1970-1980-е годы стали временем обостренного интереса к мировоззрению Леонардо да Винчи в отечественной историографии. Разумеется, эта проблематика поднималась и прежде, в частности в работах философов М.А. Дынника и З.Н. Мелещенко (35). И все же в изучении мировоззрения Леонардо да Винчи в эти десятилетия произошли существенные сдвиги. К вопросам особенностей мировоззренческих позиций Леонардо обращаются А.Ф. Лосев и А.Х. Горфункель, В.В. Соколов и К.И. Долгов (36), а также другие философы. Из историков, занимавшихся проблемами культуры Возрождения, о Леонардо в эти годы писали В.И. Рутенбург, Л.М. Брагина, Л.М. Баткин (37). Позже вышла монография Л.М, Баткина "Леонардо да Винчи и особенности ренессансного творческого мышления" (38). Творчеству Леонардо посвятил один из разделов работы "Корифеи Возрождения" С.M. Стам (39).
Нетрадиционные, отчасти даже эпатирующие оценки мировоззрения Леонардо да Винчи выдвинул А.Ф. Лосев. Они теснейшим образом связаны с его сложной и противоречивой, откровенно полемичной общей трактовкой философской основы культуры Возрождения; ее специфику трудно детально анализировать в рамках данной статьи. Напомню лишь, что работа А.Ф. Лосева вызвала острую дискуссию, которой посвящена, в частности, статья А.Х. Горфункеля "К спорам о Возрождении" (40). Обращусь к характеристике мировоззрения Леонардо да Винчи, которую дал в "Эстетике Ренессанса" А.Ф. Лосев. Подчеркивая универсальность и титаничность деятельности Леонардо, "плоды которой до сих пор продолжают вызывать удивление", отмечая его "великое историческое значение", А.Ф. Лосев считает необходимым указать и на его "огромные недостатки" (41). Характерные черты искусства Леонардо А.Ф. Лосев усматривает в "обнаженном рационализме" и "некоторой сухости" в построении образов. Он отмечает также необыкновенный размах, но и "несистематичность, разбросанность, фрагментарность" его научной деятельности. В живописи Леонардо А.Ф. Лосев видит не только незавершенность, но и дисгармоничность (она проявляется в несоответствии тематики и формы его работ), а в науке обращает внимание на несистематичность и разбросанность поисков художника. А.Ф. Лосев полагает, что существование у Леонардо какой-либо систематической эстетики спорно, хотя и признает, что у него есть зато "совокупность разного рода художественных и жизненных стремлений глубоко мыслящего и глубоко чувствующего художника и ученого" (42).

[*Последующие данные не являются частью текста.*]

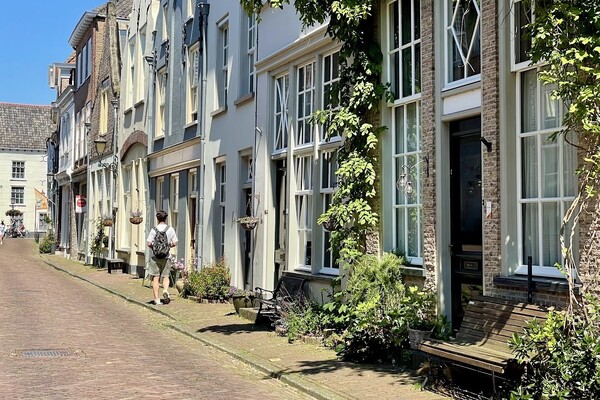 Historische Festungsstadt an der Maas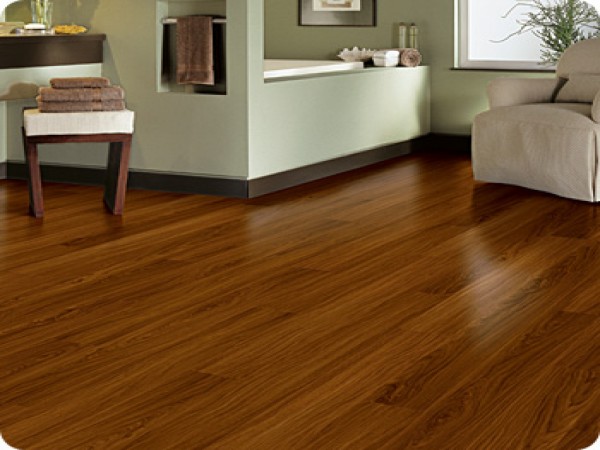 glossy-brown-vinyl-plank-flooring-wood-plank-flooring-for-living-room-ideas-vinyl-plank-flooring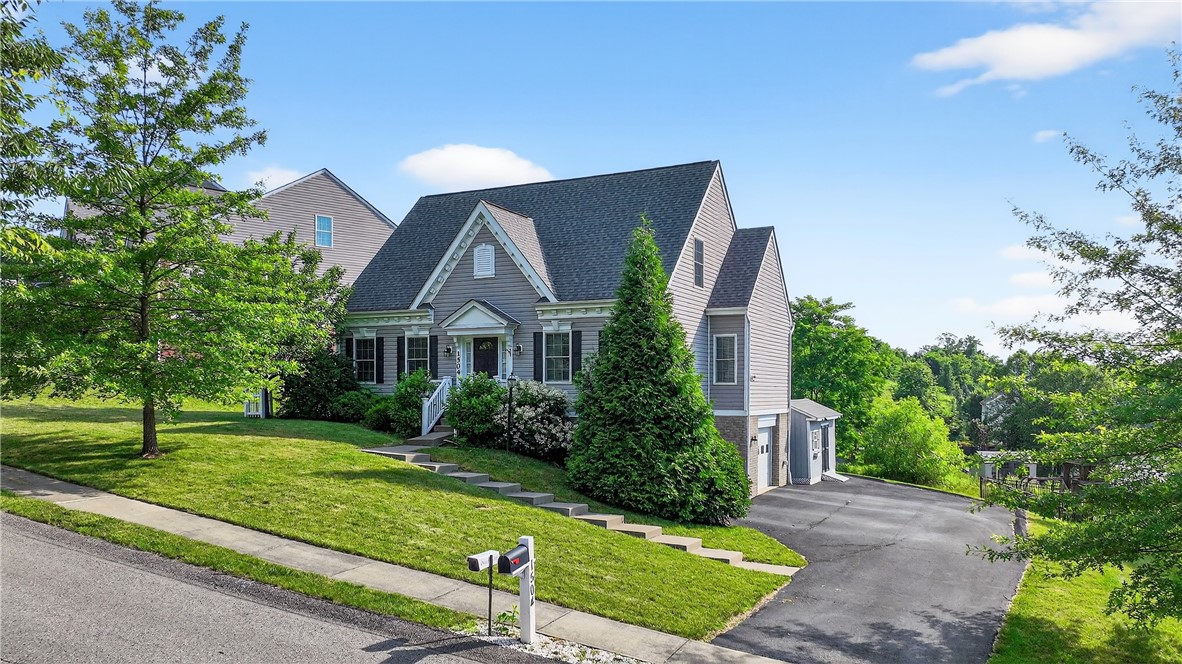 South Strabane, Pennsylvania 15301, United States, 4 Bedrooms Bedrooms, ,3 BathroomsBathrooms,Residential,Contingent,160910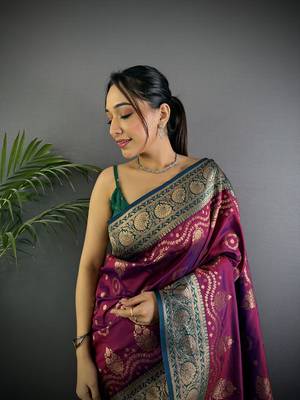 wine silk blend butti zari weaving contrast weaving border banarasi saree 3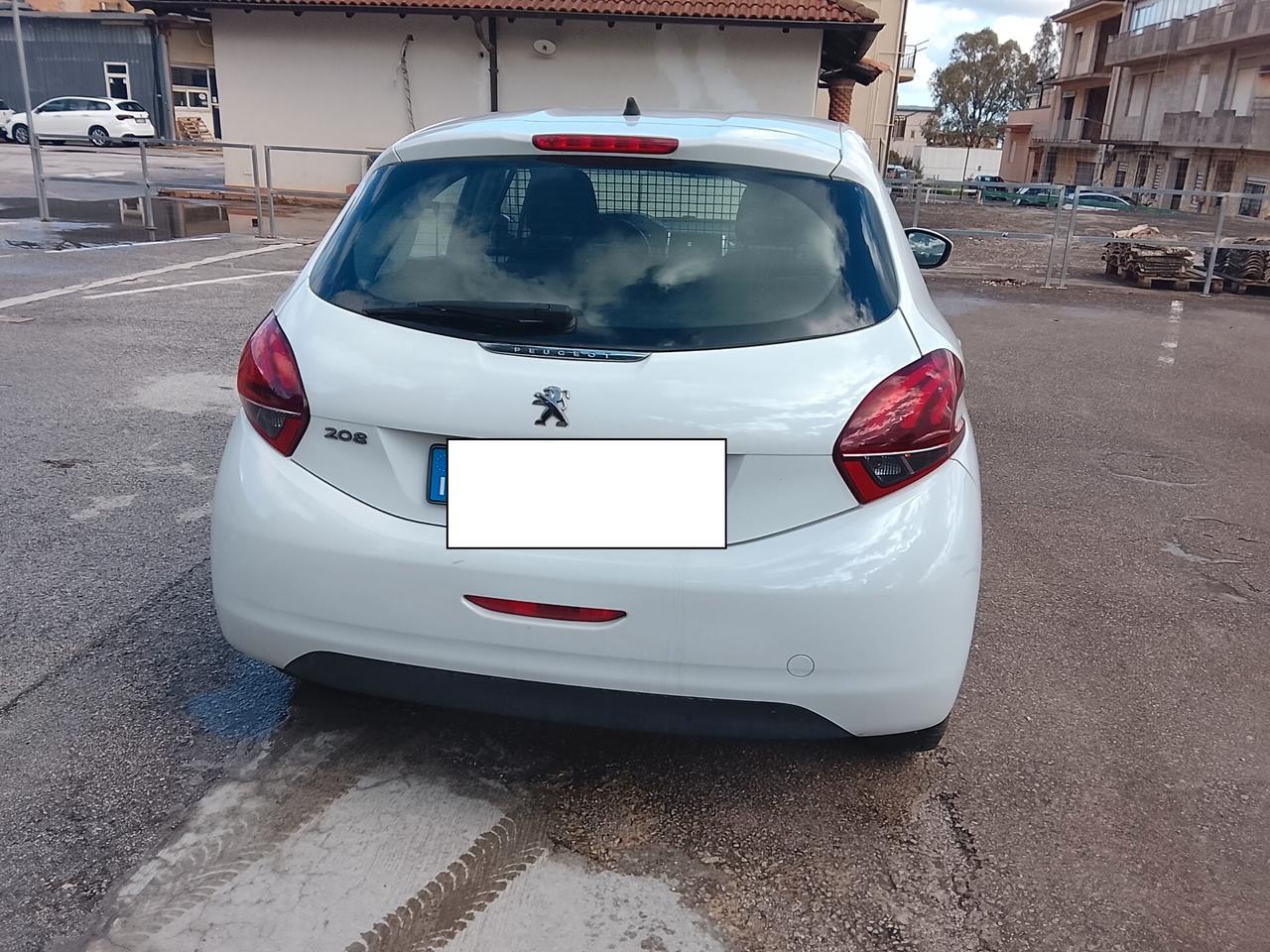 Peugeot 208 Van 1.6 HDi detraibile al 100%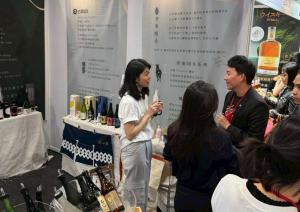 A lively scene of consumers, chefs, sommeliers, industry professionals, and creators exchanging ideas at the same table—reflecting how sake is evolving beyond traditional boundaries.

А.Ф. Лосев видит в Леонардо эгоцентриста, отмечает, что его абсолютизация опыта, под знаком которой развивалась вся деятельность Леонардо, приводила "к полному внутреннему обессмысливанию все его научные и художественные достижения", вела к путанице, характерной для эпохи (43). С одной стороны, художник утверждал полную зависимость от природы, подражание ей, с другой - выдвигал положение "о воле и власти художника над природой"; "мысль Леонардо о примате природы и о примате человека развивается необычайно путано", - считает А.Ф. Лосев (44). В то же время он видит в Леонардо выразителя "подлинного Ренессанса", связывая это прежде всего с тем, что Леонардо обожествляет отдельную человеческую личность, переносит на нее весь центр тяжести своих поисков в искусстве и науке, а это приводит к обездушенному пониманию мира, к "крайнему механицизму" в его трактовке, к тому, что возведение в абсолют человеческой личности, которая берет на себя божественные функции, порывает с многовековыми традициями онтологических представлений. Возрожденческая личность, утверждает А.Ф. Лосев, "мыслила себя истоком всего жизненно ценностного и доподлинно прогрессивного", и выводит отсюда "неугомонную потребность" Леонардо все охватить и над всем господствовать", так что "художник оказывается творцом, способным противопоставить свои творения природе" (45).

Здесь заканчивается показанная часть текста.